Significantly, the TT8 assembly contains 6 novel terms specifically related to growth and growth factors that are absent from JGI 8x v2 Sitalica_164 and Millet_scaffoldVersion2.3, among which four terms are in biological processes (GO:0040007, GO:0006020, GO:0031929, GO:0016049) that are crucial for a more complete understanding of millet growth. Specifically, these terms are related to size of cell and organ, inositol biosynthesis, response to nutrition availability, and cell growth rate. In particular, response to nutrition availability and inositol biosynthesis are important for its ability to grow under harsh, arid environments. Enhanced myo-inositol biosynthesis in a number of plants is correlated with increased resistance to biotic (e.g., insect) and abiotic (e.g., drought, salinity) stress conditions31, consistent with the notion of foxtail millet being one of the most drought tolerant C4 cereals32. Of the terms missing in the TT8 assembly that are unique to JGI 8x v2 Sitalica_164 and Millet_scaffoldVersion2.3, 20 unique terms (9% of the total 230) are annotated as obsolete as of the date of the database query (10/01/2015). Although the updated versions of these obsolete terms may account for 20 unique TT8 GO terms, they pale in comparison to the >800 total found in TT8. Overall the TT8 assembly is 73 Mbp longer than JGI 8x v2 Sitalica_164. There are 2–5 newly assembled contiguous regions per chromosome in the TT8 assembly that were identified as large gaps (over 400 kbp) in the JGI 8x v2 Sitalica_164 assembly during reference-guided extension by MUMmer alignment. In those regions, there were 227 newly predicted genes and 95 unique GO terms. Although there is an even distribution of 2–5 newly assembled regions on each scaffold, most newly predicted genes from regions absent in the JGI 8x v2 Sitalica_164 assembly were found in chromosomes 3, 5 and 6 (Figure S4).

Candidate genes based on known ontology families

Previous efforts on Millet_scaffoldVersion2.3 described a gene ontology family, ORTHOMCL4, containing GO terms related to response under stress12. In the Millet_scaffoldVersion2.3 assembly, the 4 GO terms (GO:0006950; response to stress; Biological Process; GO:0009415; response to water; Biological Process; GO:0006508; proteolysis; Biological Process; GO:0008234; cysteine-type peptidase activity; Molecular Function) related to 586 candidate genes. These GO terms are part of the shared GO terms with the TT8 assembly, and TT8 has 842 predicted gene models related to those terms. It will be difficult to compare the differences between gene models in Millet_scaffoldVersion2.3 and TT8 without the list of 586 Millet_scaffoldVersion2.3 genes, however, our 842 predicted gene models can be noted as candidates for further studies.

QTL and marker comparison with pearl millet

Pearl millet (Pennisetum glaucum), another C4 millet, is slightly more studied as a model organism and, due to its popularity and more common consumption in India and parts of Africa, it is the most widely grown type of millet in the world.
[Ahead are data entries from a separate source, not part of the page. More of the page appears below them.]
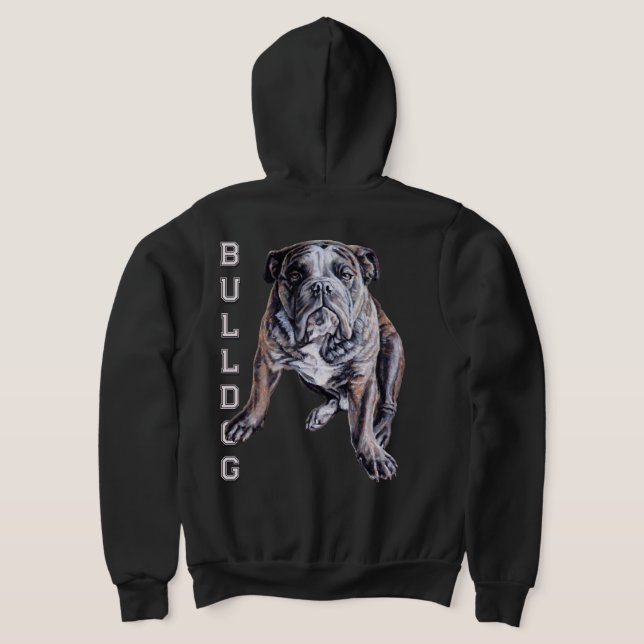 Moletom com Arte de Bulldog Casaco de Bulldog Pers (Postura das costas)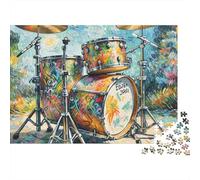 Colorful Drum Set Jigsaw Puzzle for Adults 1000 Piece Jigsaw Puzzle Music Garden Relax Decor Gift 52x38cm/1000pcs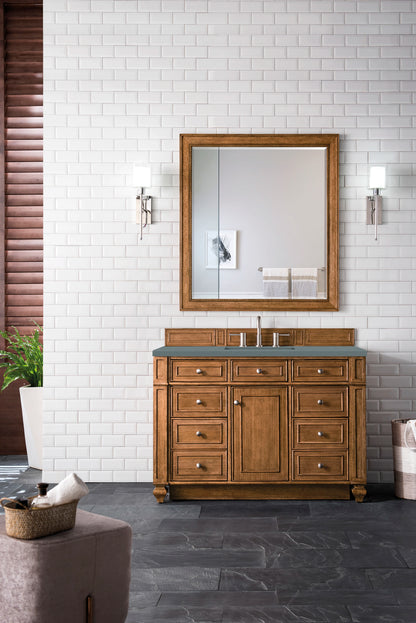Renovate for Less Atlanta Bristol 48" Single Vanity, Saddle Brown w/ 3 CM Cala Blue Silestone Top, view 2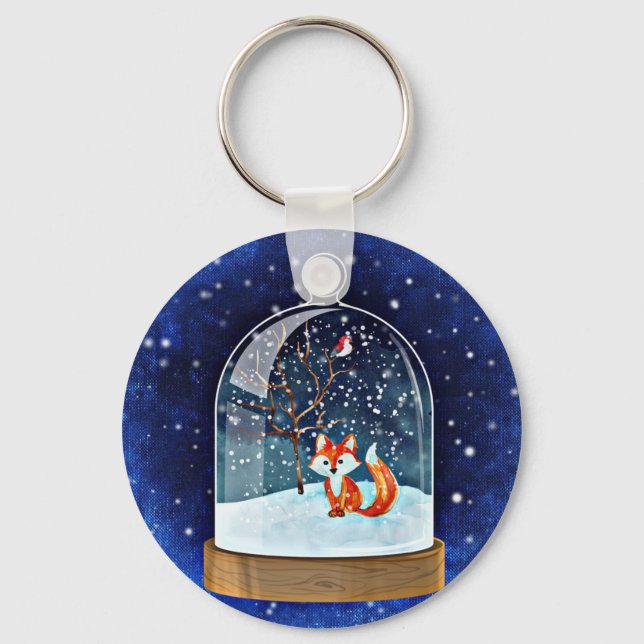 Cute fox inside a snow globe schlüsselanhänger (Vorderseite)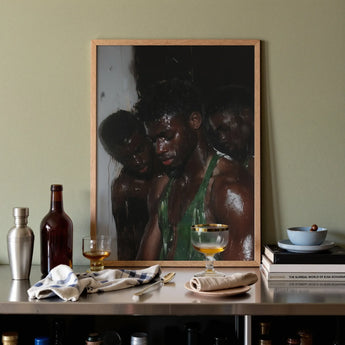Centerfold - Gay Black Lovers Art Print / Canvas, Beneath Museum-grade Varnish, Gay Black Lovers, Lids Heavy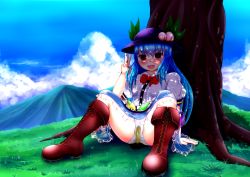 Rule 34 | 1girl, akizuki (akizuki71), arm support, black headwear, blue hair, blue skirt, blush, boots, bow, bowtie, breasts, brown footwear, cloud, food, fruit, grass, hat, hinanawi tenshi, leaf, long hair, looking at viewer, mountain, open mouth, panties, peach, peeing, peeing self, puddle, red eyes, red neckwear, shirt, short sleeves, sitting, skirt, sky, small breasts, smile, teeth, touhou, tree, underwear, v, wet, wet clothes, wet panties, white panties, white shirt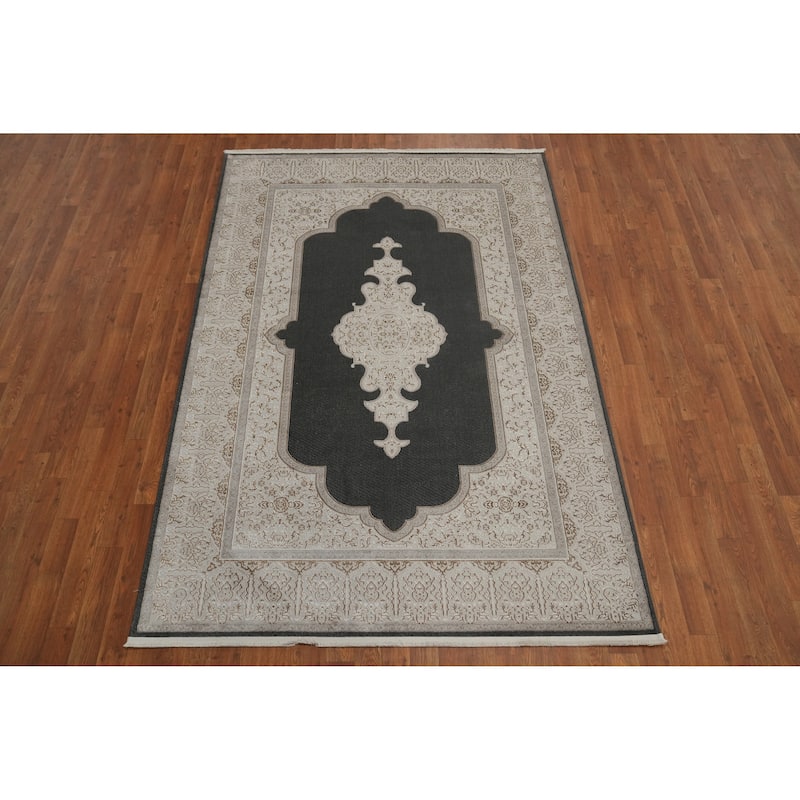 Machine Made Oriental Polyester Carpet Traditional Medallion Greys & Charcoal Tabriz Area Rug - 7' 5'' X 5' 2''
It also shares similar photosynthetic and growth traits with foxtail millet, such as the mechanism of C4 photosynthesis, variable grain yield and drought tolerance31. Currently, a complete assembly for the genome does not exist, but there have been several efforts on QTL and candidate gene discovery33,34. Since these efforts have been more developed on pearl millet than foxtail millet, and in view of the similarity between the two species, we collected the following mappings of regions that have been found to affect growth in pearl millet and how those regions map to foxtail millet, listed using their flanking genetic markers. More specifically, pearl millet linkage group 2 has a QTL region at the Xpsm322-Xpsm2050 marker position that has been found to be associated with increased grain yield, stover yield, harvest index, and panicle harvest index35. The region has also been found to have mappings to foxtail millet chromosomes 1, 4, and 95. In foxtail millet chromosome 9 specifically, the pearl millet QTL region maps to a region covering the Xrgc1361-Xrgr 2447 marker position (Fig. 4). The Yadav lab has also made efforts in using gene-based markers to identify 13 candidate genes in these regions36. The candidate genes not only affect grain yield but also flowering time and leaf rolling (drought-related) traits.

Figure 4
figure 4

Summary of regions related to growth, grain yield and drought tolerance between maize, foxtail millet and pearl millet.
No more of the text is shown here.